Halisi: Ten hour trip to go see family.

Paul: Oh, that sounds wonderful. Well, you can pack up the wife and the kid and go see family.

Halisi: That was the intent.

Paul: What happened?

Halisi: The kid got sick 

Paul: What happened? Yeah

Halisi: Yeah, the kid got sick. She had. She had a hundred degrees. Temperature. And so we ended up not going. Didn’t want to put her in a car for that long period of time.

Paul: Of course, Yeah. And so how old is she now?

Halisi: She is about one and a half.

Paul: One and a half? Oh She’s a little gift that keeps on giving. Does she give it back to you yet? Yes, I think so.

Halisi: It tells me no. Yeah. No, all the time.

Paul: And no. She started to say no. Yeah.

Halisi: Yeah, no, she. She knew no before.

Paul: Yes. So, Halisi, I’m kind of I’m looking forward to today’s conversation. You brought this in for everybody who’s listening. Just reintroduce Elise. Elise is one of our experts in the Solution Center. So you know, he’s a mentor and he’s a problem solver, and he does it all within the context of whatever employment laws are surrounding the issue. And so we, you know, we’re always paying attention to what’s going on across the country.

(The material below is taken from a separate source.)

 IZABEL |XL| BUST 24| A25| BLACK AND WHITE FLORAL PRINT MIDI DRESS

Paul: We have our own compliance team who researches laws. And this law, forms of Crown Acts have been passing across the country. They generally start in big urban cities and they get passed by, you know, by the city council or whatever. You want to explain briefly to everybody listening what a crown act is, what generally.

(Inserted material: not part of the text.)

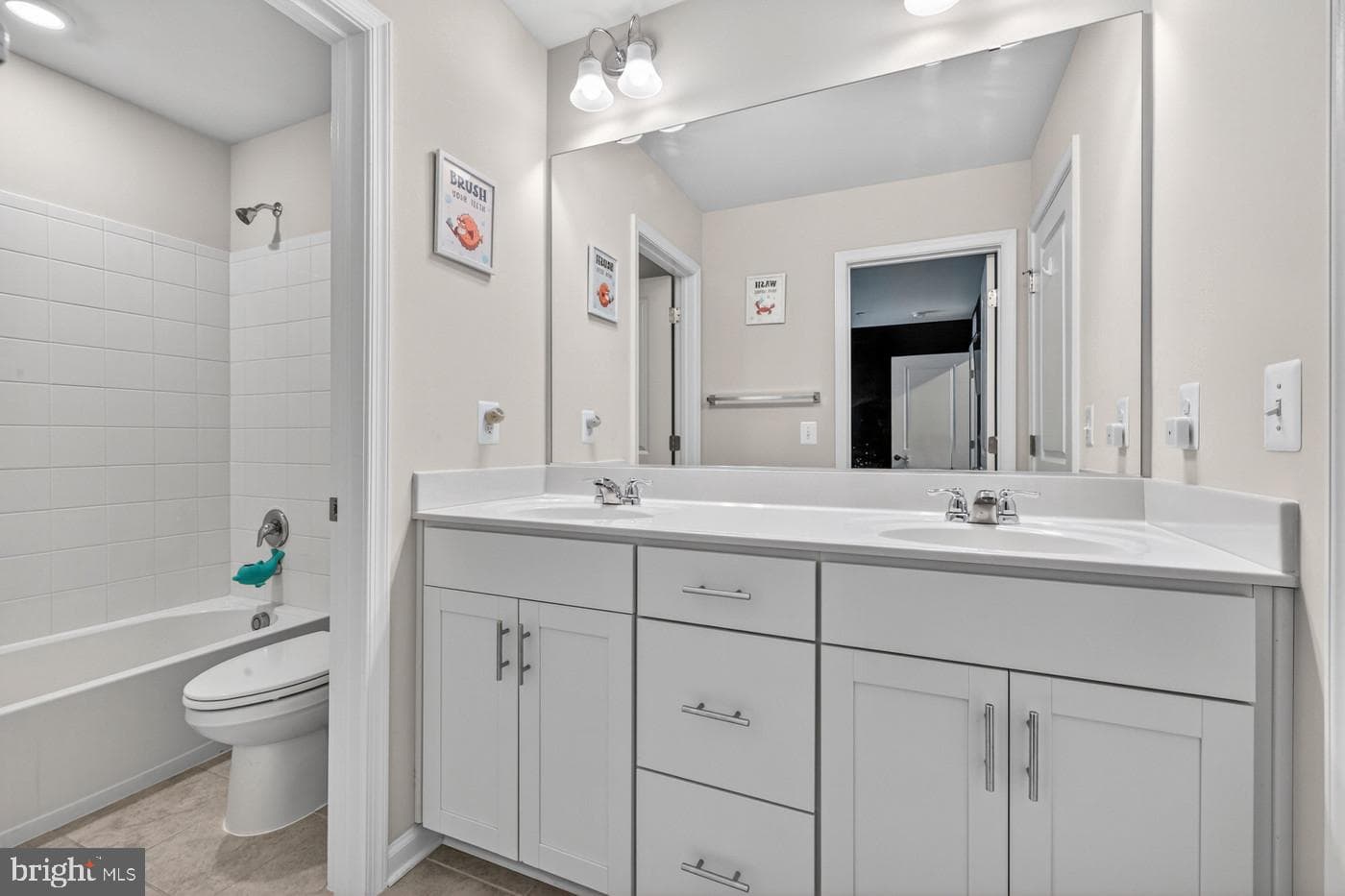 10021 Selkie Lane photo 32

Halisi: The Crown Act essentially protects employees from being adversely affected because of their hair, texture or hairstyle. Uh huh. When it’s connected to a natural hairstyle, when.

Paul: It’s connected to a mass natural.

Halisi: Natural hairstyle, associated with race or national origin.

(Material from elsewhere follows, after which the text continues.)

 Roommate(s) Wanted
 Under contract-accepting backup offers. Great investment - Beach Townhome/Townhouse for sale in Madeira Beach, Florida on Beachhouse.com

Paul: OK. So this comes this kind of takes us to this this you know, when I heard that we were going to do this, I started making some notes. By the way, I always get ambushed with this stuff. So I started making notes. And what I what I thought of first off was this is this fits into our high hiring bias conversation, and it fits into that realm that I really like a lot.

Paul: Well, I don’t know. I like the bias, but I like to talk about it It’s not necessarily covered underneath any law. At least there’s me. We all have some biases we just don’t understand. And some of them are really innocuous. And, you know, they’re just not that big of a deal. Like, one of the hiring bias that’s common is the the interviewees job is to get you to like them and you end up in your hiring bias.

Paul: You hire the person you like more than the best qualified person because you spend more time in the hey, I like this person. I’d like to work with them. Well, yeah, but they can’t memorize the script and they can’t do the job. But great. You like them. So that’s a form of hiring bias. You know, five years ago, six years ago, I don’t recall there being any criminal acts.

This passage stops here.